Connemara de Nicolas Mathieu
Vous avez aimé « Leurs enfants après eux » (prix Goncourt, 2018) ? Vous allez vous régaler avec ce « Connemara », qui évoque non l’Irlande, mais la chanson de Sardou (« les lacs du Connemara ») en toile de fond musicale d’une histoire d’amour entre deux blessés de la vie. A ma droite, Hélène, la presque quarantaine, native des Vosges, qui fut une élève brillante et surdouée, a subi le burn-out parisien, revient dans l’Est, à Nancy, en compagnie de son mari et de ses deux filles, travaille dans une entreprise d’audit. Mais y croit-elle encore? A ma gauche, Christophe, issu de la même commune natale qu’Hélène (l’improbable Cornecourt, comme une contraction de Cornimont et de Mirecourt), qui fut le beau mec de leur lycée, n’a jamais quitté son bourg d’origine, sinon pour disputer des matches de hockey sur glace et défendre la belle équipe d’Epinal. Aujourd’hui, Christophe vend de la nourriture pour chiens, il vit séparé de sa compagne Charlie, voit son père décliner, tente d’élever – mal – son fils Gabriel, soumis au harcèlement scolaire. Quand Hélène cherche à retrouver une vie à elle et quête l’aventure sur Tinder, elle retrouve la silhouette de Christophe. Entre ces deux là, quelque chose qui ressemble à de l’amour va naître. Nicolas Mathieu excelle à décrire les fêlures, les zones d’ombre, les non-dits qui séparent hommes et femmes, scellent les destinées ou brisent les vies. En employant le langage de son époque, ses tics verbaux, ses acronymes, sans vouloir faire absolument moderne pour être actuel. Il situe son livre en 2017, juste avant une élection présidentielle importante. Vus des Vosges et du Grand-Est, les nuages de l’histoire contemporaine s’estompent.
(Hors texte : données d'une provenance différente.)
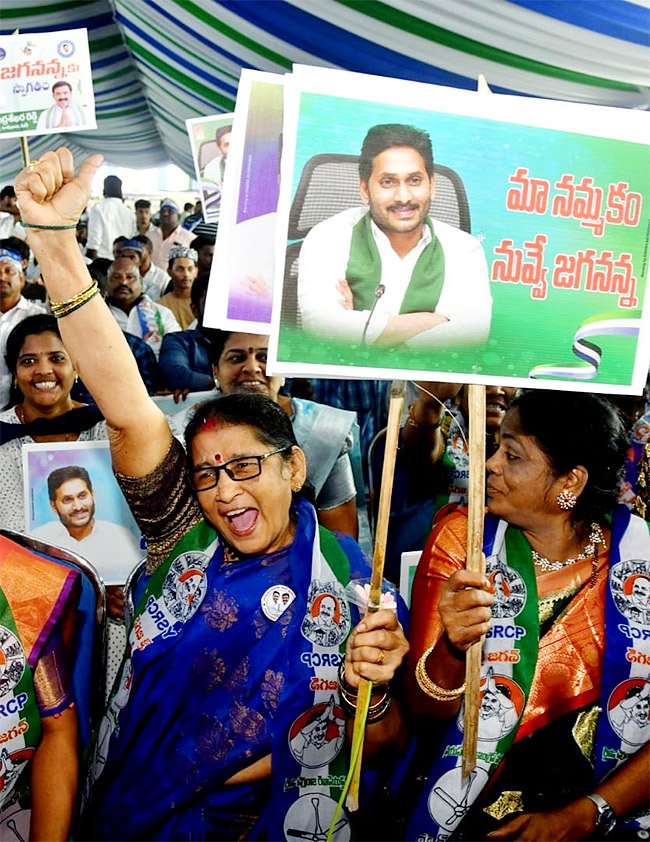 Huge Crowd Attend At YSR Pension Kanuka Program At Kakinada - Sakshi21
Crise morale et tristesse, espoirs et sensualité souveraine (Nicolas Mathieu n’a pas son pareil pour étirer une scène d’amour, la détailler sans jamais s’appesantir), dépression allusive et sentiment de nostalgie fugueuse se lient ici avec une habileté sans faille. Nicolas Mathieu prend son temps pour dessiner ses personnages, les décrire, les faire vivre, s’aimer, les raconter. On lit son livre avec bonheur, simplement car tout cela sonne juste, parce que ces destinées croisées ne s’épuisent guère. On a bien envie de suivre encore longtemps les lignes de fuite d’Hélène et Christophe entre Vosges et vie.
Connemara de Nicolas Mathieu (Actes Sud, 396 pages, 22 €).